▶ _What is expected_
Your answer must match, word for word, the lines from the one holding "Mazda MX-5 SKYACTIV-G" through the final line below, with pictures excluded.

Crawled caption data:
********************

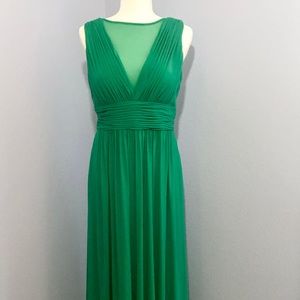 Formal dress — green — size 10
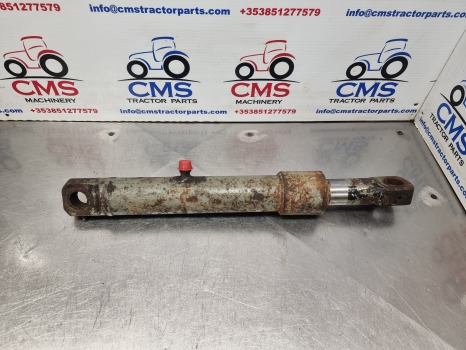 Case 1394, 1494, Hydraulic Lift Assistor Cylinder, Assistor Ram K311619, K311542 - Hydraulique: photos 1 Case 1394, 1494, Hydraulic Lift Assistor Cylinder, Assistor Ram K311619, K311542 - Hydraulique: photos 1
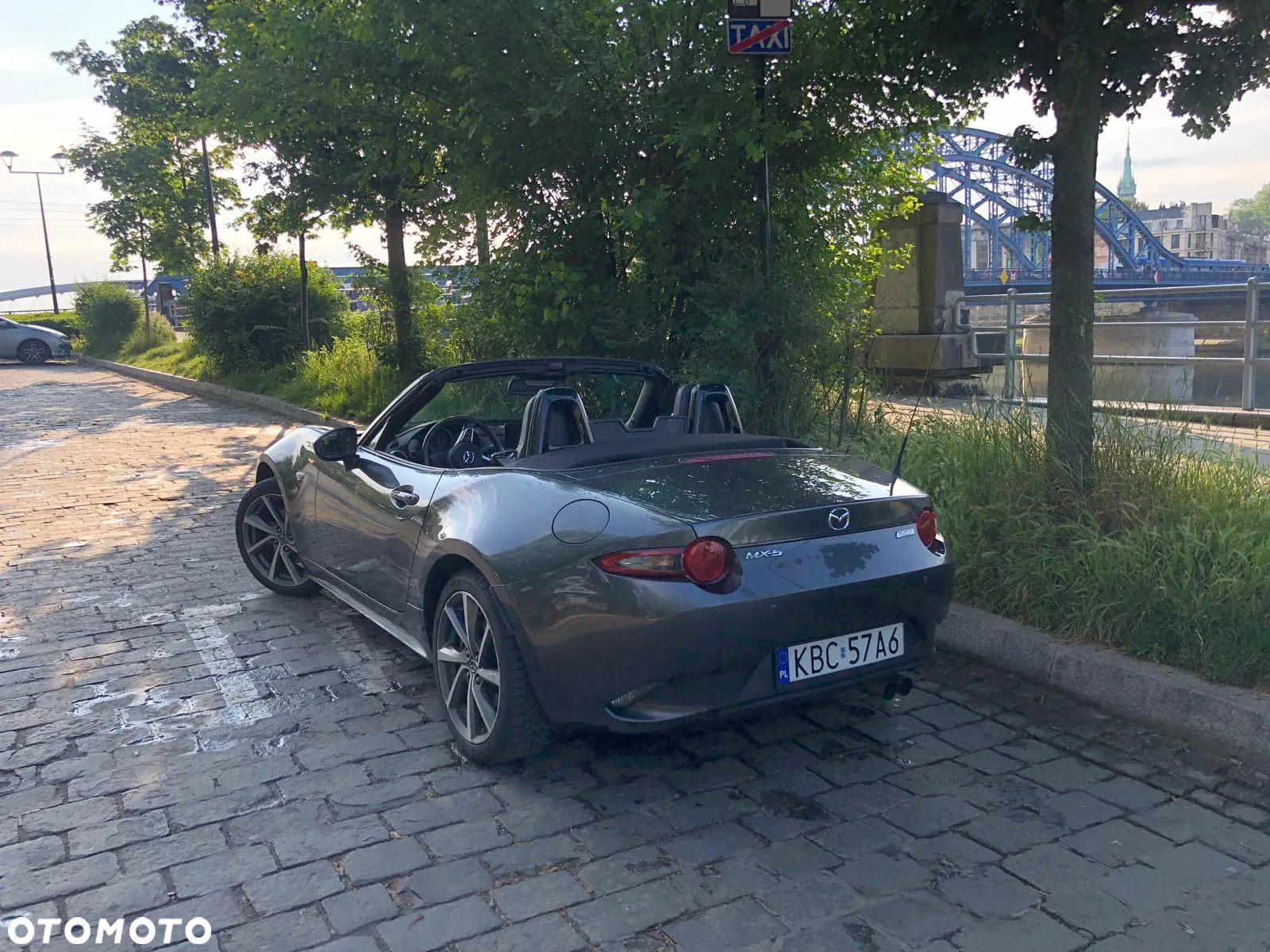 Mazda MX-5 SKYACTIV-G 2.0 ADVANTAGE DESIGN - 24
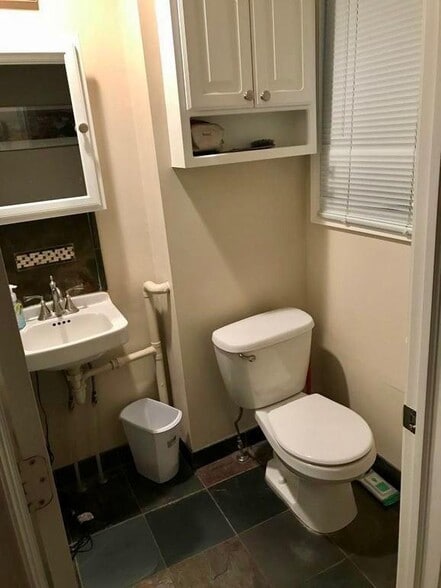 Unit 1 - 4538 Wentworth Ave
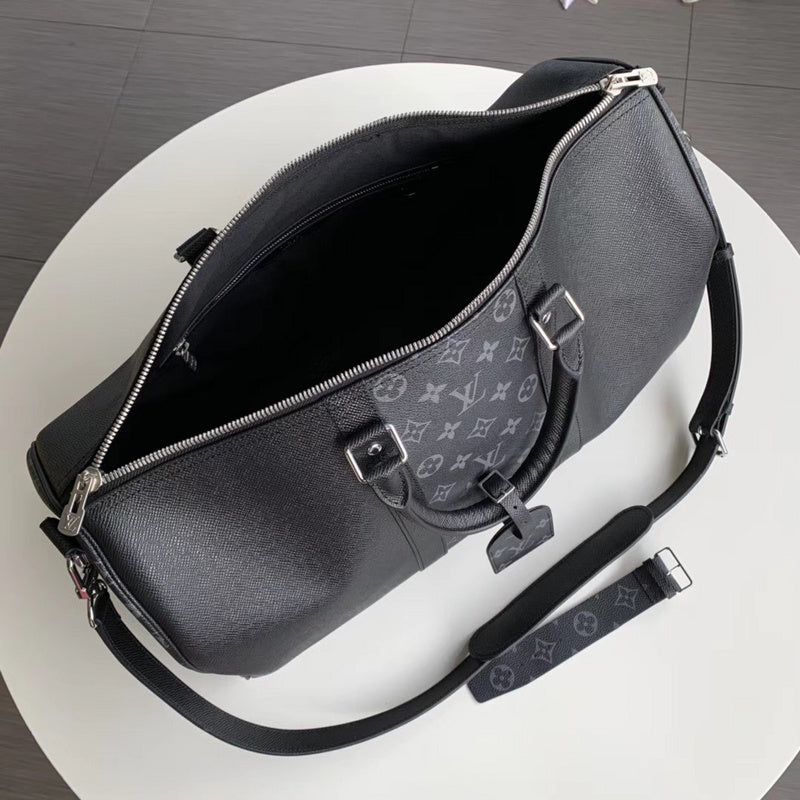 LOV2 Bags - Luxurious Bags  1323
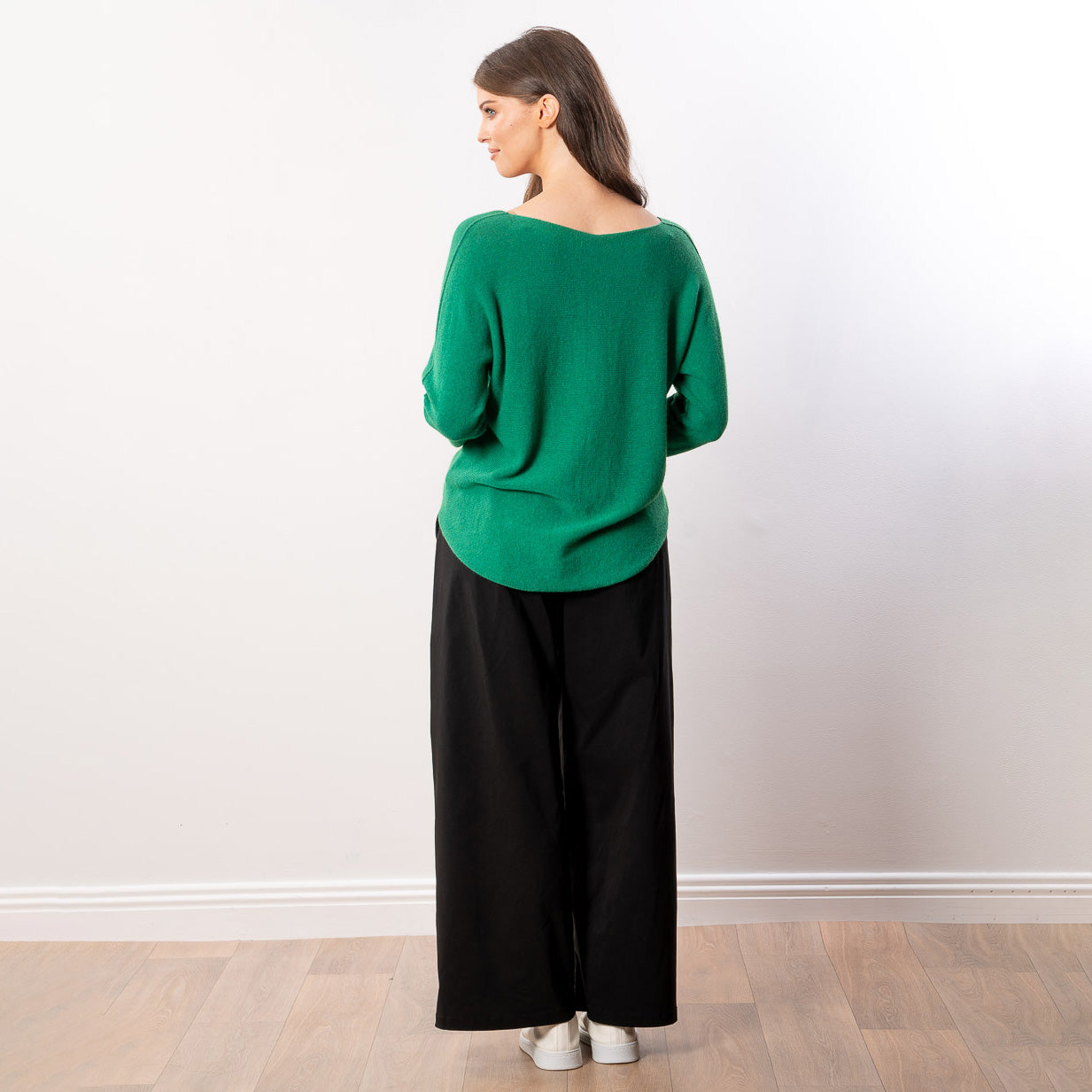 Kylie V Neck Jumper (Green)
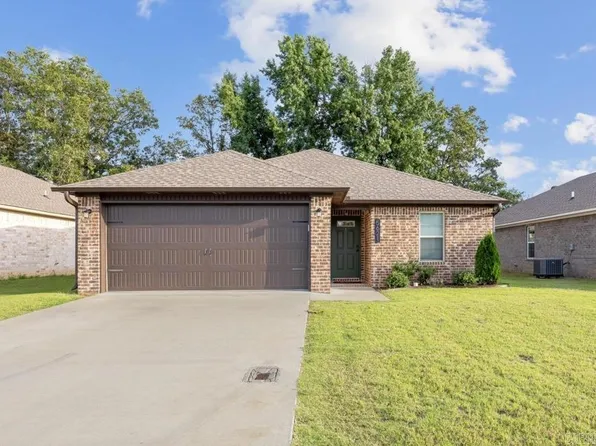 5621 Brookshire Dr, Jonesboro, AR 72401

********************

▶ _Problem solution_
 Mazda MX-5 SKYACTIV-G 2.0 ADVANTAGE DESIGN - 24
 Unit 1 - 4538 Wentworth Ave
 LOV2 Bags - Luxurious Bags  1323
 Kylie V Neck Jumper (Green)
 5621 Brookshire Dr, Jonesboro, AR 72401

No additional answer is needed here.